### Task requirements
Copying rule for the data below: pictures stay out, and only the lines from the one with "日本史用語集　要点ノート　日本史　文系　大学受験　啓隆社　山川出版社 参考書" down to the one with "осуществлении коммерческой деятельности", inclusive, are repeated exactly.

### Data listing
★ ★ ★ ★ ★

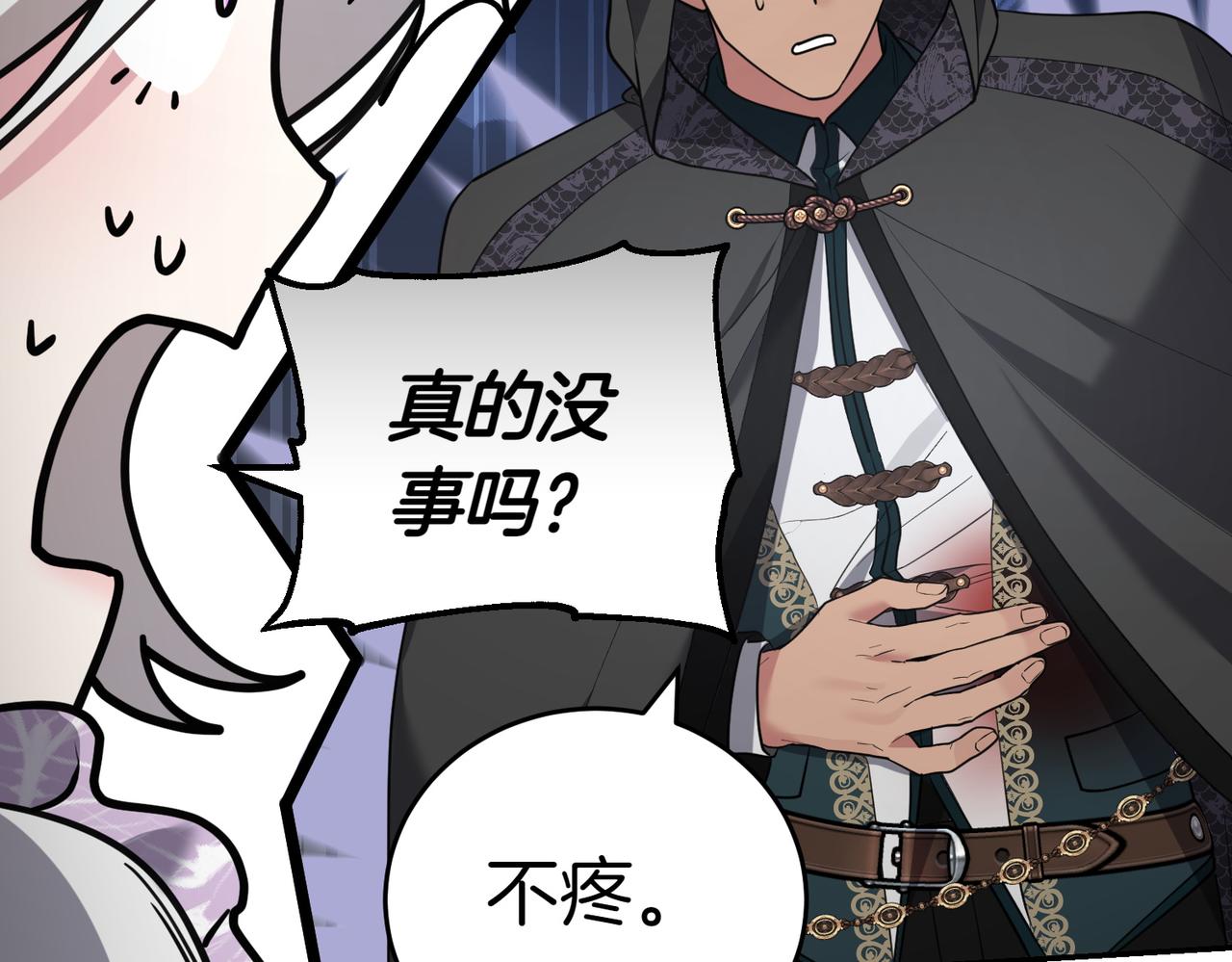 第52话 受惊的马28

★ ★ ★ ★ ★

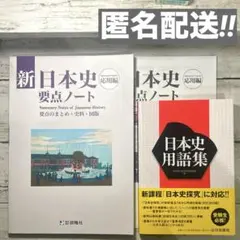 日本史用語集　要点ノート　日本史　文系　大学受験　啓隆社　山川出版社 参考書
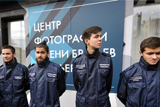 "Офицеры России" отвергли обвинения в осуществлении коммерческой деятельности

★ ★ ★ ★ ★

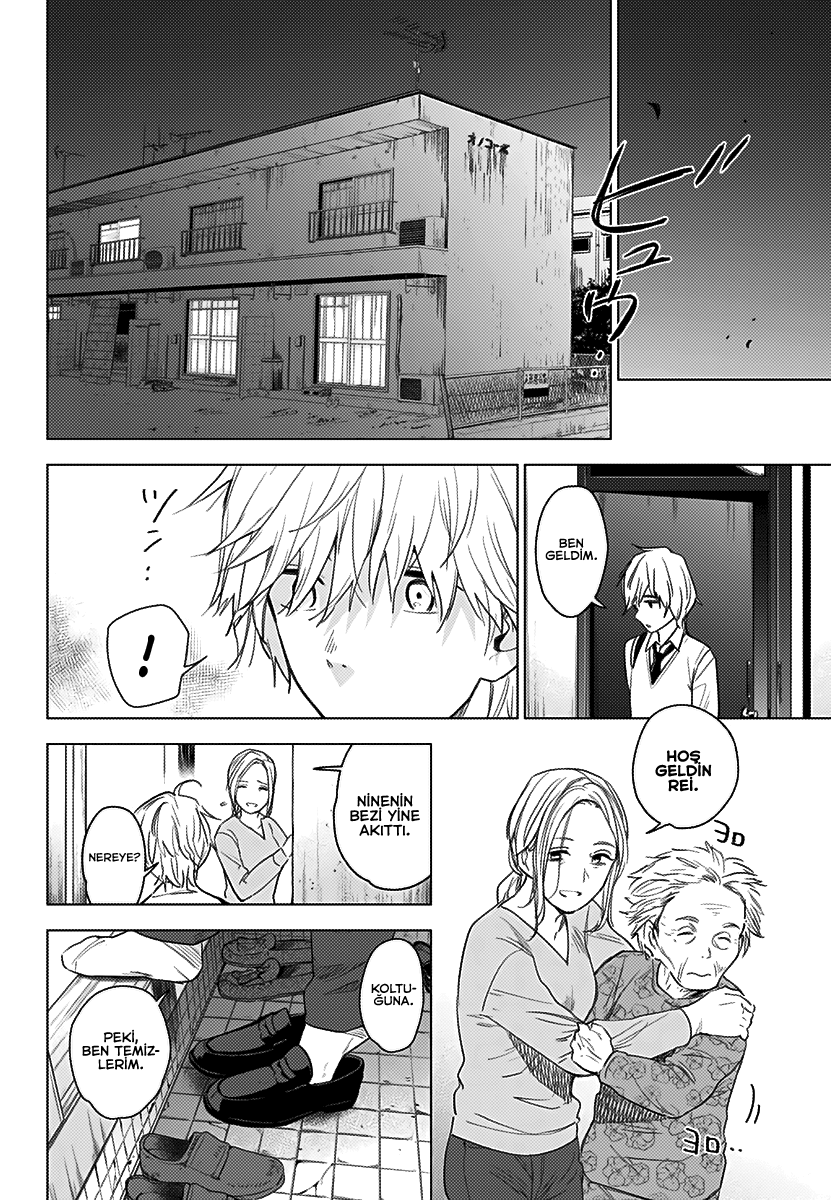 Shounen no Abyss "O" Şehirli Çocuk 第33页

★ ★ ★ ★ ★

### Task solution
 日本史用語集　要点ノート　日本史　文系　大学受験　啓隆社　山川出版社 参考書
 "Офицеры России" отвергли обвинения в осуществлении коммерческой деятельности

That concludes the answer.